Support Person in Mediation - Should you consider bringing a support person to mediation and what they can and can’t do

Mediation can be an effective way to resolve disputes during a separation or divorce, allowing both parties to negotiate and agree on important matters such as child custody, asset division, and future arrangements. However, mediation can also be an emotionally intense experience, especially for those navigating the end of a relationship. Many people find comfort in bringing a support person to mediation. But it’s important to understand the role of a support person in this context and what they can and can’t do.

In this blog post, we’ll explain how having a support person present can benefit you during mediation, while also clarifying the rules about their involvement in the process.

1. Emotional Support:

The primary role of a support person is to offer emotional reassurance during mediation. Whether it’s a family member, friend, or professional, a support person can provide a sense of calm and help alleviate some of the emotional burden. Going through a separation or divorce can be stressful, and knowing that someone you trust is nearby can make the process feel less overwhelming.

Remember, a support person is not there to advocate for you or speak on your behalf. Their role is strictly supportive. They can’t actively participate in the negotiations or influence the outcome of the mediation. Instead, their presence helps you feel more secure and cantered during the process.

2. No Active Participation:

It’s important to note that the support person cannot participate in the mediation discussions or the negotiations themselves. While they can be present in the room, they cannot speak on your behalf, offer advice during the mediation, or represent your interests. Their role is strictly non-interfering.

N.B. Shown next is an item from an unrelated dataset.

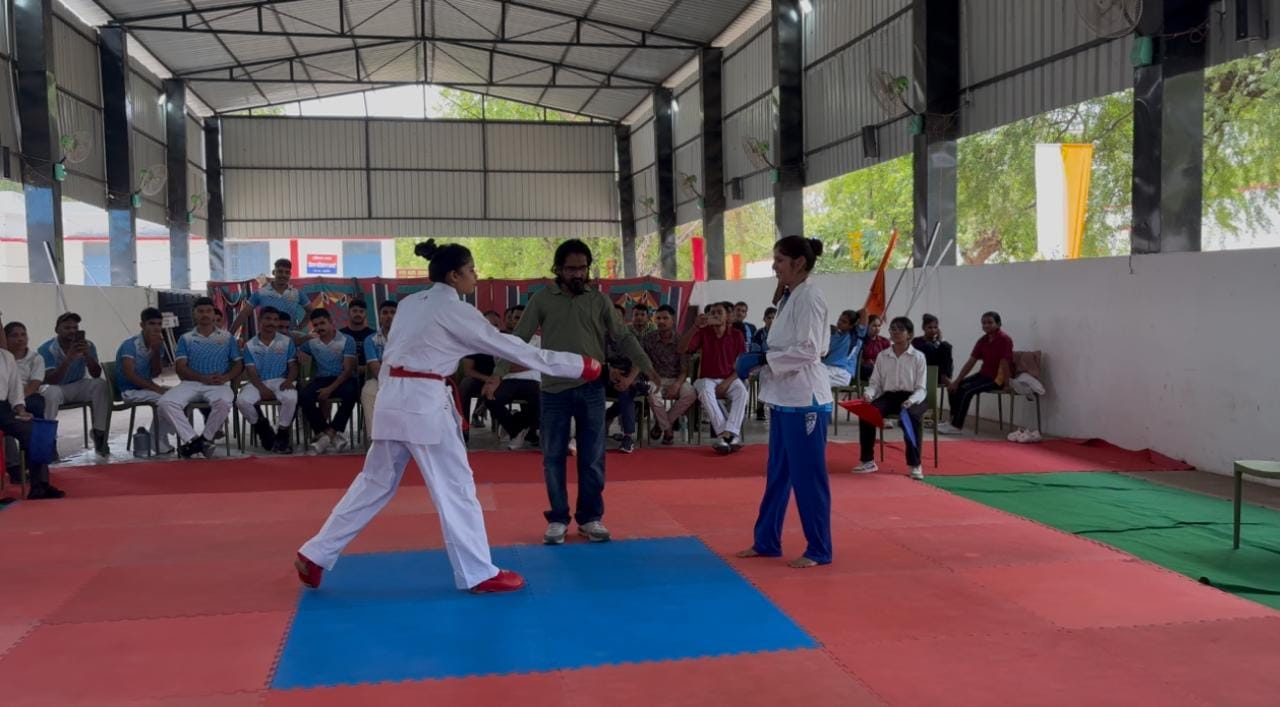 फोटो - 18 जूडो प्रतियोगिता में प्रतिभाग करते खिलाड़ी। संवाद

Before you bring someone along, you’ll need to agree with the other party (and your mediator, if applicable) that they can be present. The other party must consent to their presence, and everyone involved in the mediation must respect that the support person’s role is passive.

3. A Calm Presence in a High-Stress Situation:

Even though they can't directly influence the conversation, a support person can be a valuable source of emotional support if the discussions become difficult. If emotions run high during mediation, having someone to turn to for reassurance can help you stay focused and calm. This can be especially important in contentious mediations or when discussing sensitive topics like children’s care or property division.

4. A Helping Hand in Navigating the Process:

The presence of a support person can also help you navigate the mediation process itself. They can assist with practical matters, such as managing time, keeping track of the mediation schedule, and ensuring that you take proper breaks if needed. While they can't advocate for you, their presence can create a more comfortable environment where you feel less isolated.

5. Maintaining the Integrity of the Process:

Mediation is designed to be a confidential and self-directed process, where both parties have equal input. A support person’s presence should not disrupt this balance. Their role is to support the parties emotionally and not to engage in the negotiation or decision-making. Any support person who attends mediation will be subject to the same rules of confidentiality that the parties are.  That is, they cannot discuss what happened in the mediation outside of the mediation.  Support people will be asked to sign an Acknowledgement of confidentiality that they understand this is a key part of the acceptance of them being in the mediation. Keeping this boundary in mind helps preserve the integrity of the mediation process, making it more likely that you’ll reach a fair and amicable agreement.

Mediation can be a highly effective way of resolving disputes during a separation, but it can also be emotionally draining. Bringing a support person along can provide reassurance and emotional stability during this difficult time. However, it’s important to understand that a support person cannot actively participate in negotiations or decision-making. Their role is limited to offering emotional support and ensuring you feel more comfortable throughout the process.

If you are considering mediation for your separation or divorce, talk to your mediator and the other party about bringing a support person. Having someone by your side can make all the difference in how you experience the process.